Once an object is created, it's never changed. Here are the 4 types of objects:
commits
A commit contains:
- Its parent commit ID(s). The root commit has 0 parents, regular commits have 1 parent, merge commits have 2+ parents
- A commit message
- All the files in the commit, stored as a tree
- An author and the time the commit was authored
- A committer and the time the commit was committed
For example, here's a commit:
tree 1b61de420a21a2f1aaef93e38ecd0e45e8bc9f0a
parent 4ccb6d7b8869a86aae2e84c56523f8705b50c647 <-- parent commit ID
author Maya <maya@example.com> 1759173425 -0400
committer Maya <maya@example.com> 1759173425 -0400
Add README
trees
A tree is how Git represents a directory. It lists, for each item in the tree:
- permissions 100644
- type blob
- object ID 8728a858d9d21a8c78488c8b4e70e531b659141f
- filename README.md
The files are blob objects and the directories are
tree objects.
For example, this is how a tree containing one directory (src) and one file
(README.md) is stored:
100644 blob 8728a858d9d21a8c78488c8b4e70e531b659141f README.md
040000 tree 89b1d2e0495f66d6929f4ff76ff1bb07fc41947d src
NOTE: The permissions are in the same format as UNIX permissions, but the only allowed file permissions are 644 and 755.
blobs
A blob is how Git represents a file. A blob object contains the file's contents.

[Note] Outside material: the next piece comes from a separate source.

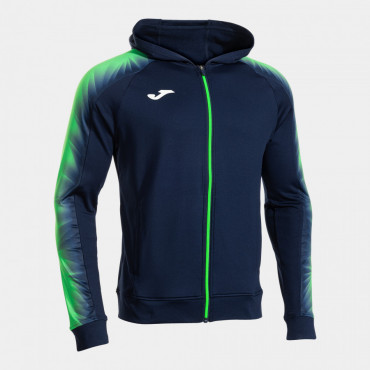 JOMA ELITE XI MIKINA S KAPUCÍ PÁNSKÁ - Tmavě modrá, Neon zelená č.1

Storing a new blob for every new version of a file can get big, so
git gc periodically compresses objects for efficiency in .git/objects/pack.
tag objects
Tag objects (also known as "annotated tags") contain:
- The tagger and tag date
- A tag message, similar to a commit message
- The ID of the object (often a commit) that they reference
- (optionally) A GPG signature
References: branches, tags, and more
References are a way to give a name to a commit. It's easier to remember
"the changes I'm working on are on the turtle branch" than "the changes
are in commit bb69721404348e".
Git often uses "ref" as shorthand for "reference", and refs are stored
in the .git/refs directory.
There are two kinds of references:
- References to an object ID, usually a commit ID
- References to another reference. This is called a "symbolic reference".
branches (.git/refs/heads/<name>)
A branch is a name for a commit ID. That commit is the latest
commit on the branch. Branches are stored in the .git/refs/heads/ directory.
tags: .git/refs/tags/<name>
A tag is a name for a commit ID,
tag object ID, or other object ID.
Tags are stored in the refs/tags/ directory.
Even though branches and commits are both "a name for a commit ID", Git treats them very differently. Branches are expected to be regularly updated as you work on the branch, but it's assumed that a tag will never change after you create it.
HEAD (.git/HEAD)
HEAD is where Git stores your current branch.
HEAD is normally a symbolic reference to your current branch, for
example ref: refs/heads/main if your current branch is main.
HEAD can also be a direct reference to a commit ID,
that's called "detached HEAD state".
remote tracking branch
(.git/refs/remotes/<remote>/<branch>)
A remote-tracking branch is a name for a commit ID.
It's how Git stores the last-known state of a branch in a remote
repository. git fetch updates remote-tracking branches. When
git status says "you're up to date with origin/main", it's looking at
this.
stash: .git/refs/stash
The stash is a single reference called stash. It's a reference to a
commit ID with the latest changes you stashed. The rest of the stash list
is stored in the stash reflog.
Other references
Git also has other references like ORIG_HEAD which are used for
various things.
The index
The index, also known as the "staging area", contains the current staged version of every file in your Git repository. When you commit, the files in the index are used as the files in the next commit.
Each index entry has 4 fields:
- The permissions
- The blob ID of the file
- The filename
- The number. This is normally 0, but if there's a merge conflict there can be multiple versions (with numbers 0, 1, 2, ..) of the same filename in the index.
It's extremely uncommon to need to look at the index directly: normally you'd
run git status to see what has changed since the last commit. But you
can use git ls-files --stage to see the index. Here's the output of
git ls-files --stage for our example repository.
100644 8728a858d9d21a8c78488c8b4e70e531b659141f 0 README.md
100644 665c637a360874ce43bf74018768a96d2d4d219a 0 src/hello.py
Reflogs (.git/logs/refs/<name>)
Stores the history of every branch, tag, and HEAD. Not every ref is logged by default, but any ref can be logged.
This mirrors the structure of .git/refs: for example if you
have a branch in .git/refs/heads/<name>, its reflog will be in
.git/logs/refs/heads/<name>
Each line of the reflog has:
- Before/after commit IDs
- User who made the change
- Timestamp
- Log message, like "pull: Fast-forward"